A bar graph from the National Oceanic and Atmospheric Administration shows the high likelihood that El Niño will end in the spring and La Niña will begin in the summer or fall of 2024.
The National Weather Service Climate Prediction Center is forecasting a fast-fading El Niño that will likely be gone by the end of spring, heralding a return to hotter, drier weather in the summer and fall of 2024.
The February report shows a 79 percent chance of El Niño ending sometime between April and June and a 55 percent chance of La Niña developing between June and August. That rises to 70 percent between August and October.
El Niño officially developed in June 2023, according to the National Atmospheric and Oceanic Administration, bringing an end to three straight years of La Niña. El Niño is typically associated with wetter, cooler weather in Central Texas during the winter, while La Niña usually means warmer, drier weather. They are interrelated climate patterns dictated by the surface temperature of the Pacific Ocean and have global impacts on weather.
According to NWS meteorologist Eric Platt, the three consecutive years of La Niña likely contributed to the extreme drought that has had a stranglehold on Central Texas since 2021.

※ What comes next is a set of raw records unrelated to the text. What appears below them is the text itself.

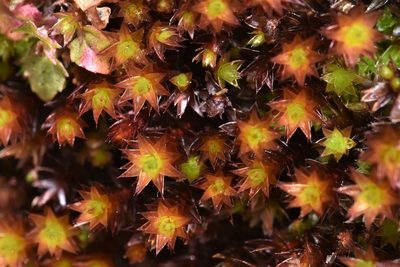 Imbribryum torenii, photographed by Braden J. Judson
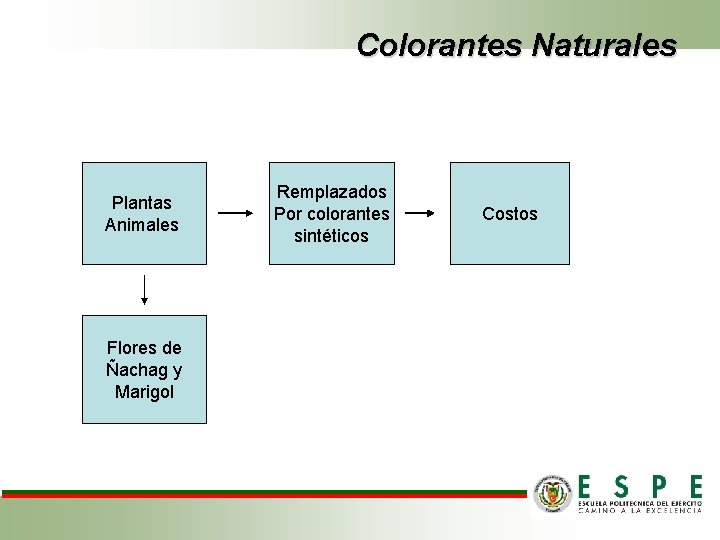 Colorantes Naturales Plantas Animales Flores de Ñachag y Marigol Remplazados Por colorantes sintéticos Costos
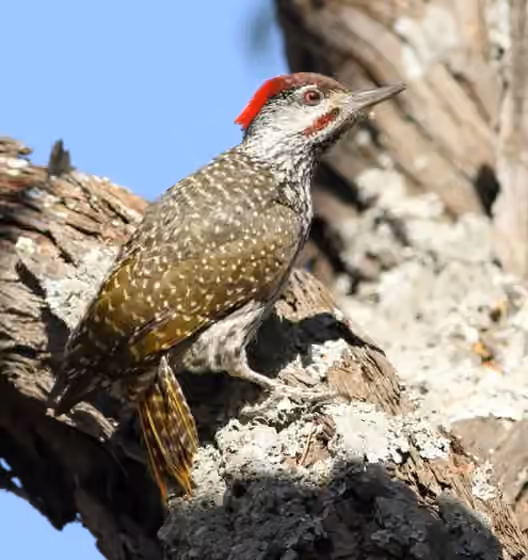 Dokumentasi Campethera abingoni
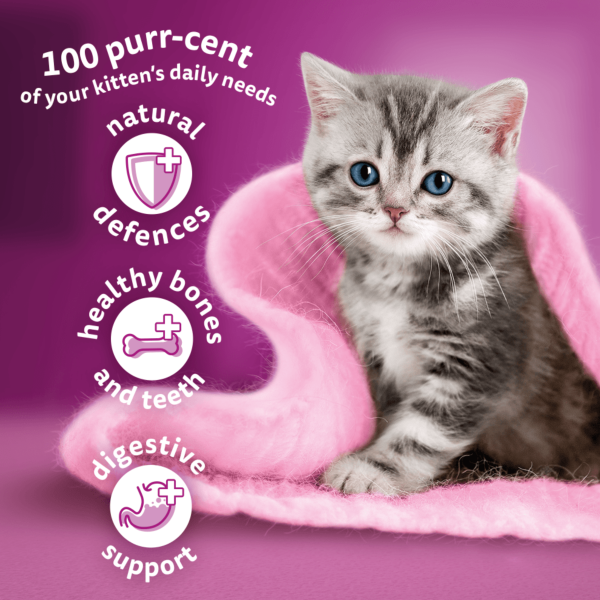 Whiskas Kitten with Chicken 800g
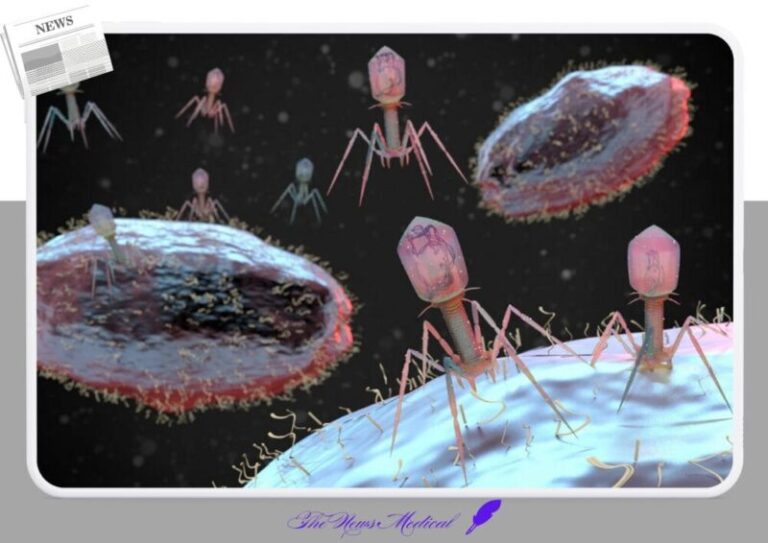 박테리오파지 바이러스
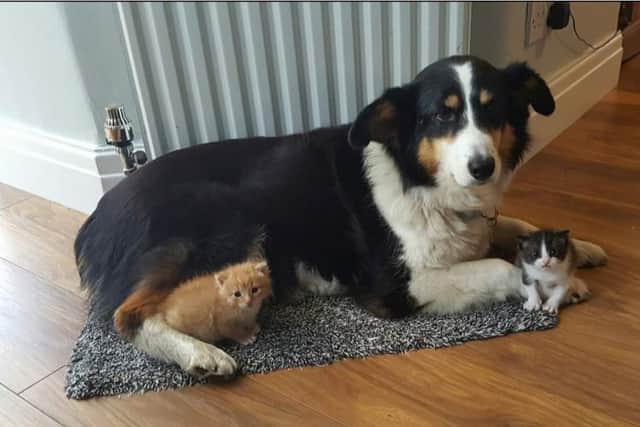 Gypsy with some of her foster kittens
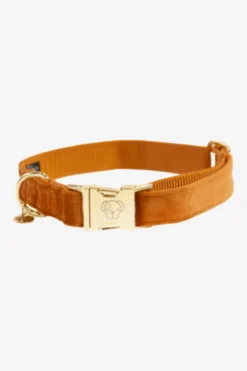 Kentucky Dogwear Kentucky Dogwear-Vevet Hundhaband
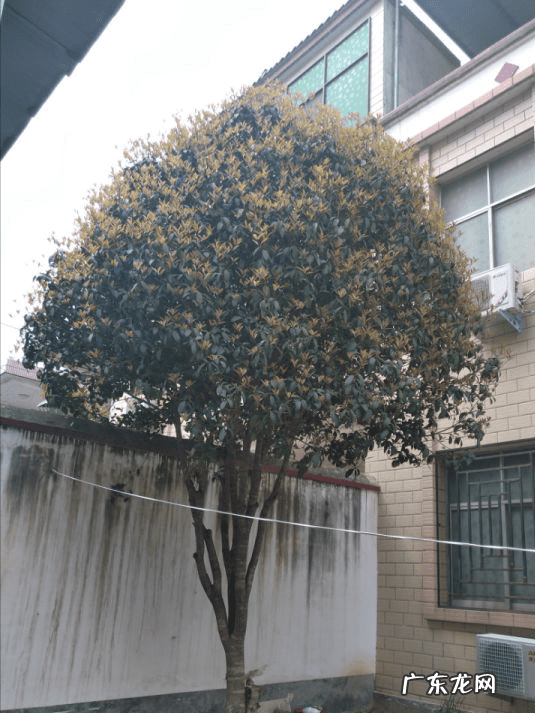 房屋种树风水 种什么树风水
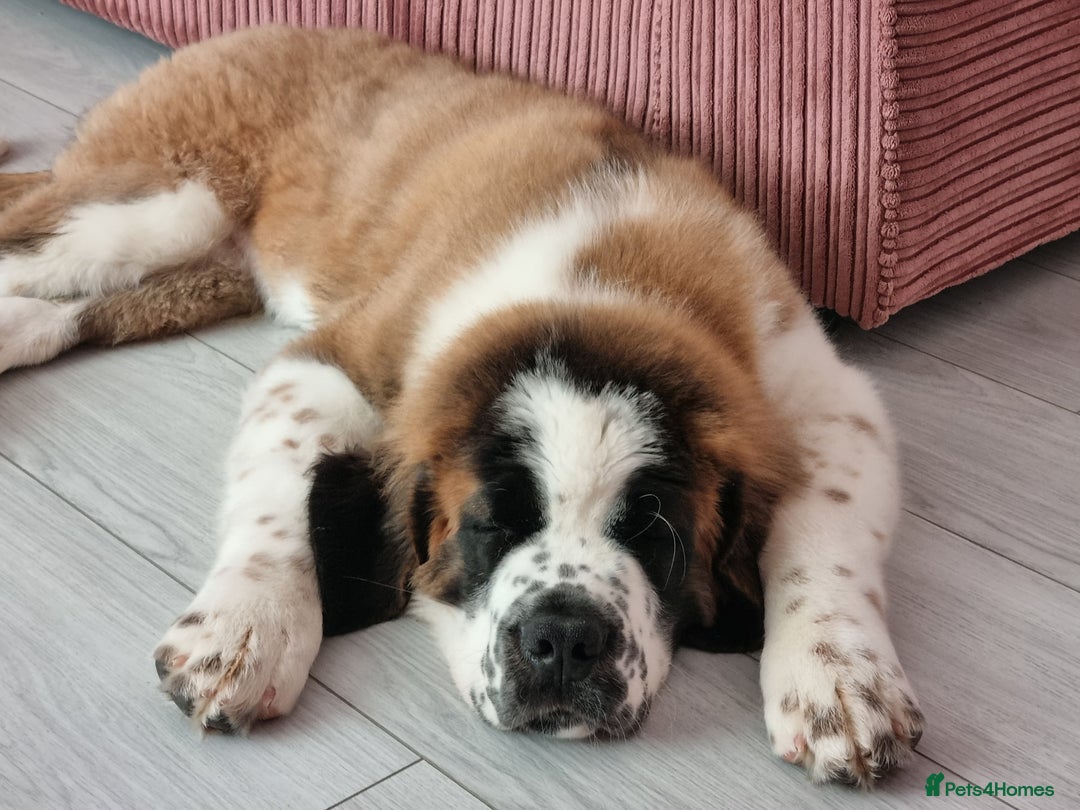 Saint Bernard dogs for sale: Beautiful 10 month old male saint bernard - Image 15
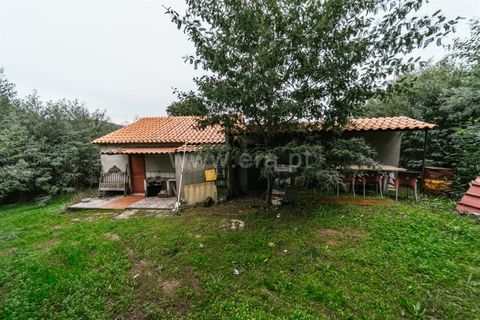 Terra a Fundao, Castelo Branco, Fundao - € 96.900 | Ref: 255250061 - foto 14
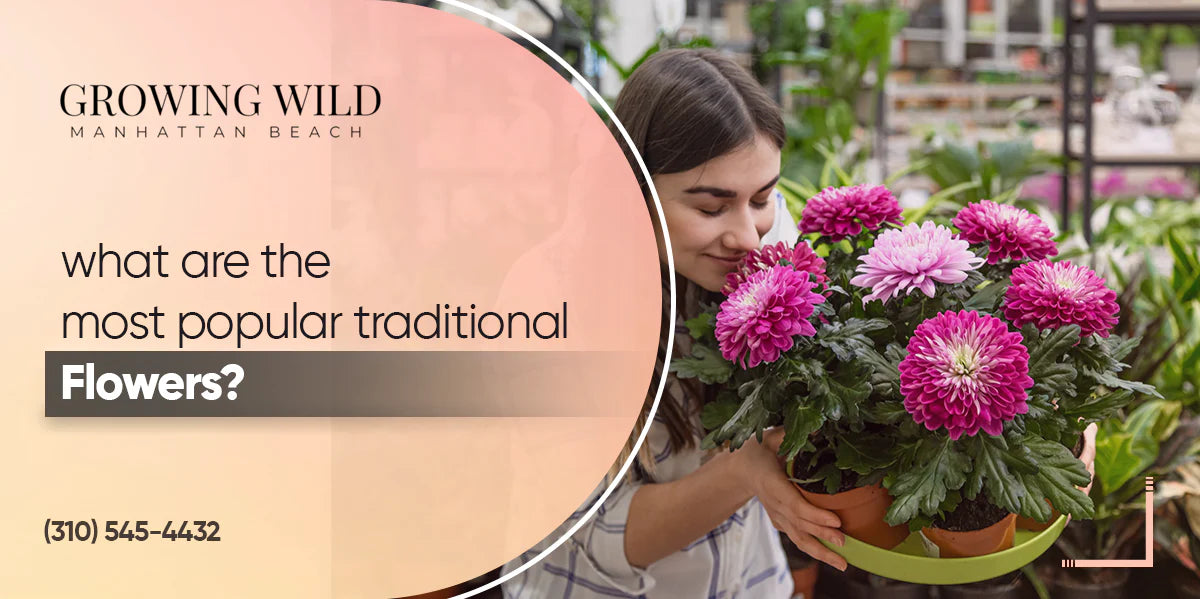 What Are The Most Popular Traditional Flowers?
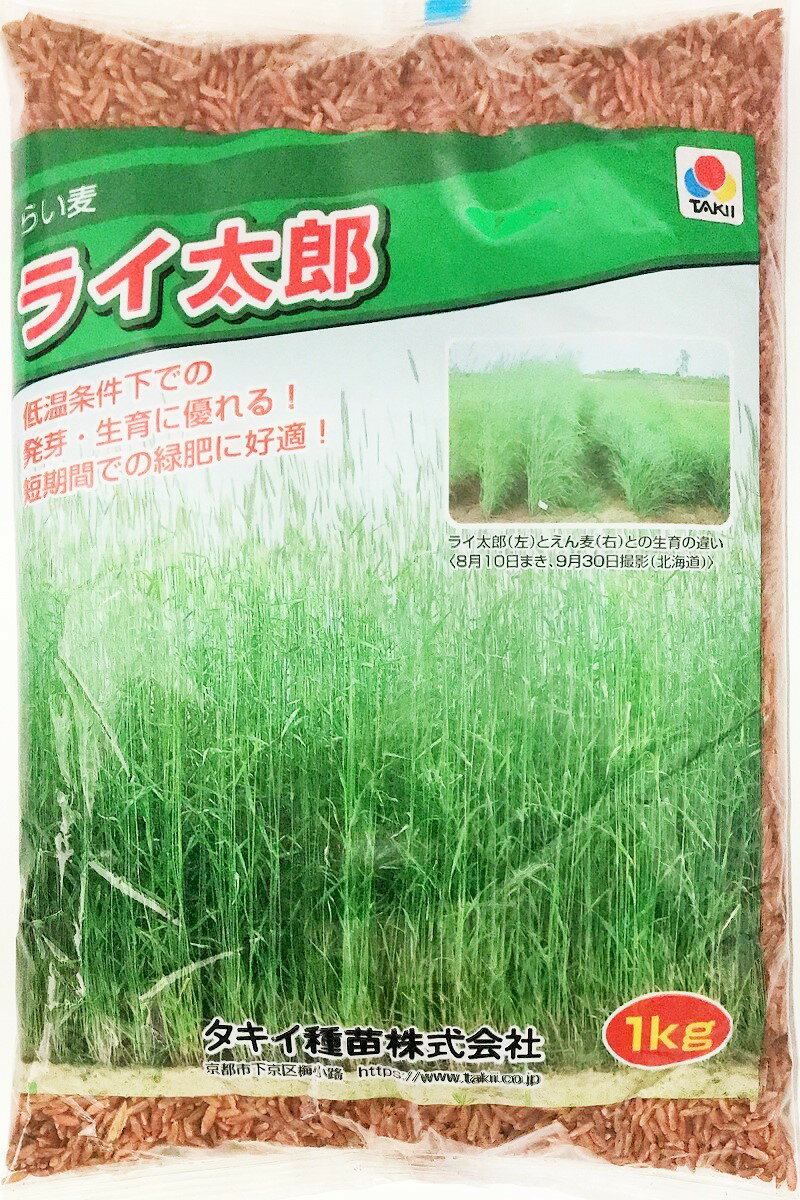 ライ麦　ライ太郎　1kg～20kgタキイ種苗　緑肥・牧草の種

“We actually got out of a triple dip,” he told DailyTrib.com, referring to the three years. “We got out of that now, but now we’re transitioning back to La Niña. The dry part of (those La Niña years) certainly reared their ugly heads. We’re just hoping for some spring rains to pull us closer to normal.”
Platt explained that current NWS long-range forecasts show near-normal precipitation is likely in the spring across the Highland Lakes, which could be the region’s last shot at adding any water to its depleted reservoirs.
The combined water storage capacity of lakes Buchanan and Travis, the two major reservoirs and water supplies for the Highland Lakes, is 43 percent, or 850,624 acre-feet out of 1,995,432 acre-feet. Despite an El Niño winter, the lakes rose very little from their low of 40 percent combined storage in October 2023.